Toujours est-il que, alors qu’il préparait son séjour en Ouzbékistan, le bureau des échanges universitaires de son université l’a mis en garde.
« Les garçons encourent un plus grand risque de ne pas se remettre du choc culturel et de tomber en dépression. Les filles, elles, sont plus fortes psychologiquement.”
Une phrase qui a dû le marquer pour que, 8 ans plus tard, elle tombe sur le tapis alors que nous discutions d’un nouveau scandale de discrimination au concours d’entrée d’une université de médecine. Celle-co, située à Kawasaki, retirait des points aux candidates – voir, leur retirait des points en fonction de leur âge. C’est le ministère de l’éducation qui, considérant le taux extrêmement faible d’étudiantes dans cette université, a mené une enquête. Un scandale tel que certains proposent de renommer cette fac « l’université du zizi ».
Le lien avec la dépression des étudiants japonais à l’étranger ?
À ses yeux, cette dépression des garçons pourrait être expliqué par la position que tiennent les hommes japonais au sein de la société au Japon.
« Ils sont privilégiés, protégés, favorisés. Ils n’ont aucune idée des difficultés et discriminations que les japonaises vivent au quotidien. Mais lorsqu’ils partent à l’étranger, ils perdent leur statut. Ils sont confrontés à des sociétés plus égalitaires. Et puis, genre mis à part, en tant qu’étranger, plus rien ne leur est facilité. »
Pour lui, ces hommes japonais étudiants ou travailleurs, qui ont vécu à l’étranger et l’ont mal vécu, tendent à devenir des neo-nationalistes. En japonais, netto-uyoku. Ce terme désigne des internautes, qui cachés derrière leurs écrans, répandent leur haine xénophobe et particulièrement misogyne (au nom de la gloire du Japon). Ce n’est qu’une réflexion personnelle, il est vrai, mais pas dénuée de raisons.

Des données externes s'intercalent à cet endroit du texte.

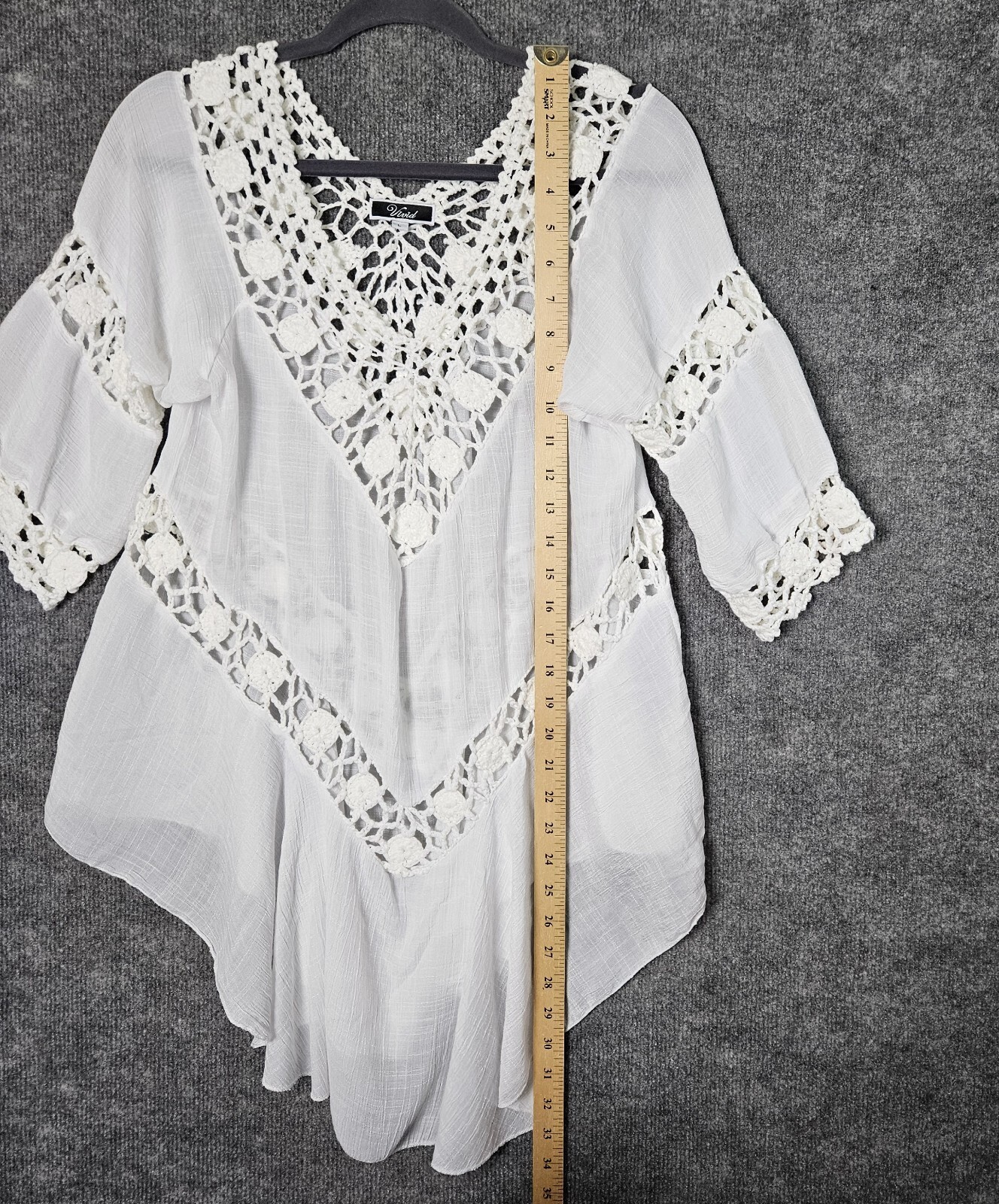 Vivid Top Womans L White Gauzy Tunic Crochet Trim Romantic Cottage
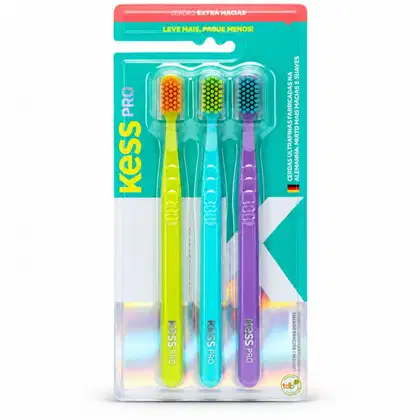Imagem do produto Kit Kess Pro Escova Dental Familia Extra Macia Com 3 Cód.: 2517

Cela va en tout cas de pair avec des propos que l’on m’a tenus, et que j’ai pu moi-même sans doute tenir au tout début. Cette idée que les “femmes étrangères” font peur aux hommes japonais parce qu’elles sont libres et fortes de caractères.
Aujourd’hui, je réalise que non, les femmes étrangères ne sont pas particulièrement “fortes” de caractère. Elles sont tout ce qu’il y a de plus normal. En revanche, certains hommes japonais se révèlent être de gros bébés s’attendent à ce que les femmes soient dociles, soumises et mignonnes.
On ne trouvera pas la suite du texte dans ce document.